Choosing the right asset for the right platform
Selecting the right asset for tokenization is crucial to success. This process involves a comprehensive evaluation of business goals, target audiences, and market trends, ensuring that the chosen assets are economically viable.
- Asset selection and feasibility analysis: Evaluate business goals, target audience, and market trends to identify suitable assets for tokenization. The aim is to ensure the economic viability of the tokenization project.
- Token type definition (TTD): Based on the asset's nature, determine the most appropriate token type. A TTD defines the structure, properties and behavior of tokens on a blockchain, making it easier for developers to create, issue, and manage tokens. TTDs are issued in two forms:
- Fungible tokens (FTs): Interchangeable, identical, and indistinguishable from one another, and therefore are of equal value. These include cryptocurrencies (Bitcoin, Ethereum), stablecoins (Tether, USD coin), utility tokens (filecoin, Binance coin), governance tokens (Uniswap, Compound), and commodity tokens (gold-backed tokens, oil-backed tokens)
- Nonfungible tokens (NFTs): Unique, distinct, and identifiable, and represent ownership of a unique asset. These include digital art (Decentraland), collectibles (sports memorabilia, virtual trading cards), gaming (in-game assets, virtual real estate), and music and entertainment (virtual concert tickets, exclusive content).
- Compliance framework: Compliance experts analyze global, national, and industry-specific regulations to ensure the tokenization project adheres to legal requirements, such as the SEC for securities and HIPAA for healthcare.
- Tokenomics development: Tokenomics is the study of the economics and design of tokens within a blockchain ecosystem. It involves analyzing and designing the token's properties, behavior, and incentives to achieve specific goals and outcomes. It is not a part of feasibility analysis. Creating a robust tokenomics model is critical to the token's success.
- Blockchain platform selection: Choose the optimal core blockchain platform (Ethereum, Corda, Hyperledger Fabric) for the tokenization project and develop a custom platform on top of it. For example, ING's trade finance blockchain is a custom-built platform created on the core blockchain platform Corda.

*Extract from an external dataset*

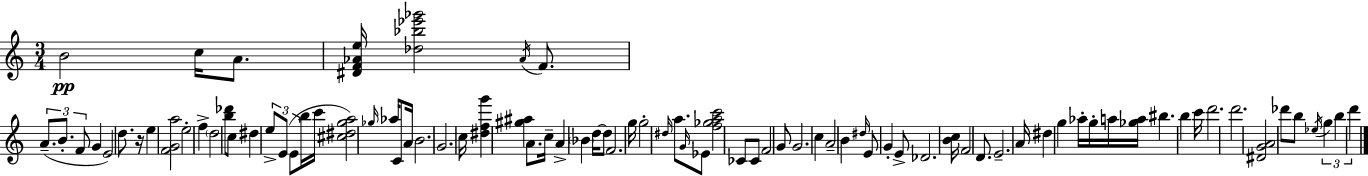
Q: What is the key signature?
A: C major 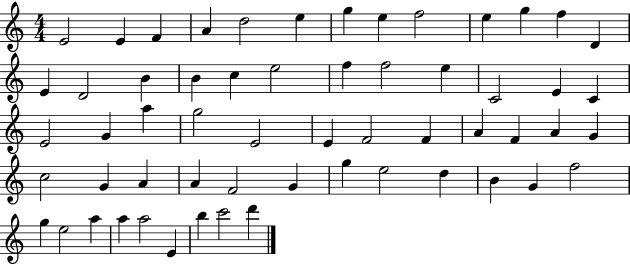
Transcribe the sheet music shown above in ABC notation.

- Smart contract development: Developers create smart contracts to tokenize the asset, automate its behavior, and enforce compliance with legal regulations.
- System integration: To ensure seamless operations, integrate the tokenized asset management solution with accounting software, payment gateways, KYC/AML verification services, trading platforms, and other relevant systems.

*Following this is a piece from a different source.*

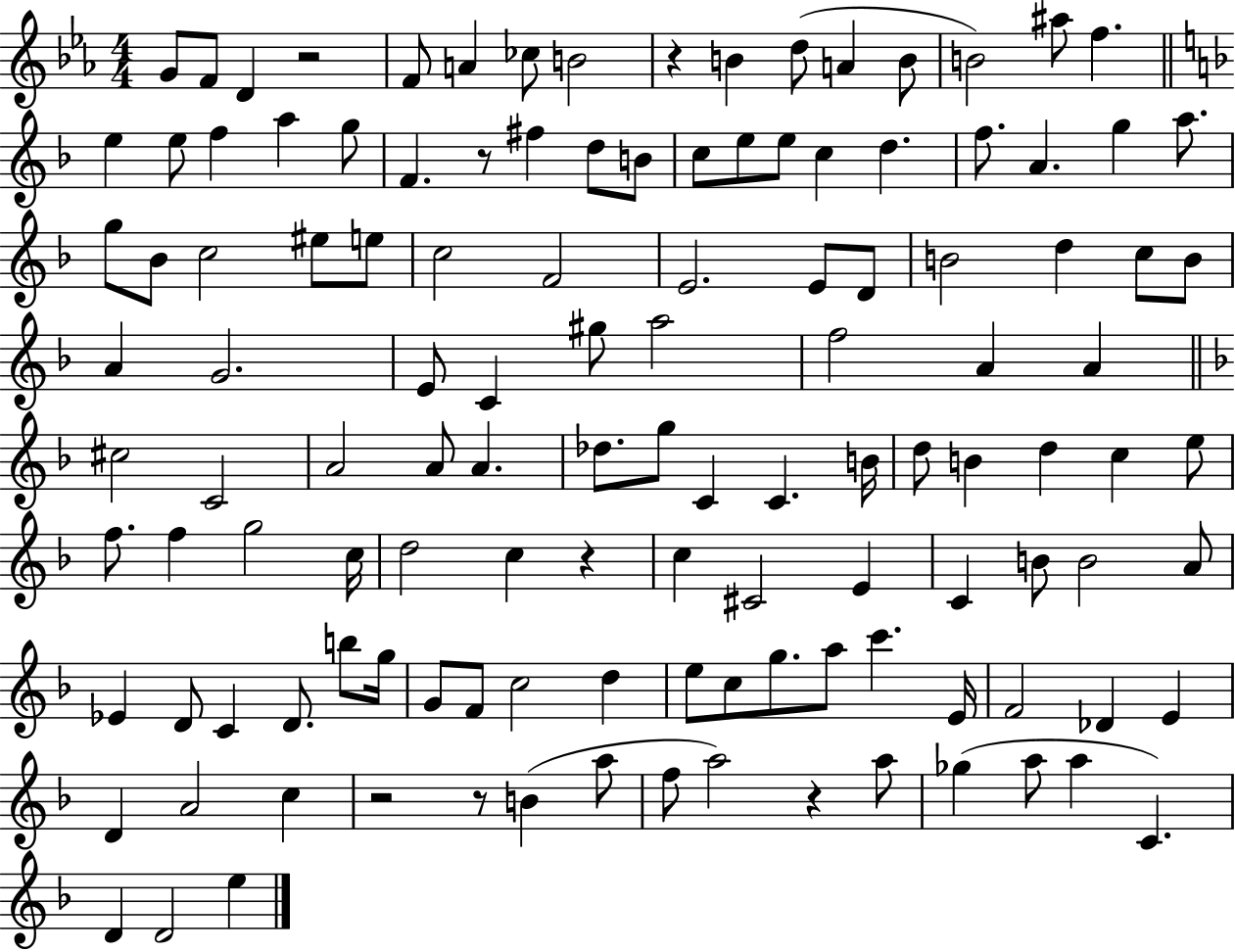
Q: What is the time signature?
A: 4/4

- Token issuance: Conduct token issuance through initial token offerings (ITOs), security token offerings (STOs), or initial DEX offerings (IDOs), which are fundraising methods on blockchain platforms or other suitable channels, allowing investors to acquire tokenized assets.
- Optional token listing: To enhance liquidity and accessibility, listing tokens on selected cryptocurrency exchanges.

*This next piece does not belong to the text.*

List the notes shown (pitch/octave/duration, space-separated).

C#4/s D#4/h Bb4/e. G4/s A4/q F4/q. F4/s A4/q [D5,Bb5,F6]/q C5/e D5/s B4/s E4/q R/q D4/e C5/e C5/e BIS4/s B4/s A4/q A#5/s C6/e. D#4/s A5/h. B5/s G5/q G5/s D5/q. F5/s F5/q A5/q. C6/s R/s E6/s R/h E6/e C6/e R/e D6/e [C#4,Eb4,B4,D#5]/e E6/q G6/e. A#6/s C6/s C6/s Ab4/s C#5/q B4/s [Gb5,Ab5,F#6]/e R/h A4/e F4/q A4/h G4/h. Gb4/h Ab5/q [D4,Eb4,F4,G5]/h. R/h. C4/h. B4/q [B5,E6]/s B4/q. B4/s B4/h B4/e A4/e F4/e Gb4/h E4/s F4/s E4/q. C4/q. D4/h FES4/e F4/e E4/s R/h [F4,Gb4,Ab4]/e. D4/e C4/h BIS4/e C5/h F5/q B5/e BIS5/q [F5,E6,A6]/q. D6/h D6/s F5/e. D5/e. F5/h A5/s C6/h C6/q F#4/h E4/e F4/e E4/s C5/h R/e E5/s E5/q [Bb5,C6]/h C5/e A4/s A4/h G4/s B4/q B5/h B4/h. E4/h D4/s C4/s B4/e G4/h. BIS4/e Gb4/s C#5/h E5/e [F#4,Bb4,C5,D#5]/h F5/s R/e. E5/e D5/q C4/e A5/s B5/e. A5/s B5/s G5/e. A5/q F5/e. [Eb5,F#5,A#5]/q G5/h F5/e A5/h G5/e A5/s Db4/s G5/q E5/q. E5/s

The outlook for asset tokenization
While asset tokenization is new, its potential impact on bringing liquidity to the economy can be significant. By offering enhanced liquidity, fractional ownership, reduced costs, and improved transparency, tokenization changes how we invest, trade, and raise capital. While challenges remain, the potential benefits of tokenization are attractive. Jenny Johnson, the president and CEO of Franklin Templeton, said that the tech has potential for cost savings due to fewer intermediaries and lower administrative overheads, while Roland Berger, a consultancy, pegged cost savings at €4.6 billion ($5.2 billion) by 2030. As adoption grows and regulatory frameworks evolve, use cases will emerge in investment strategies, portfolio diversification, and will alter the way financial assets are traded.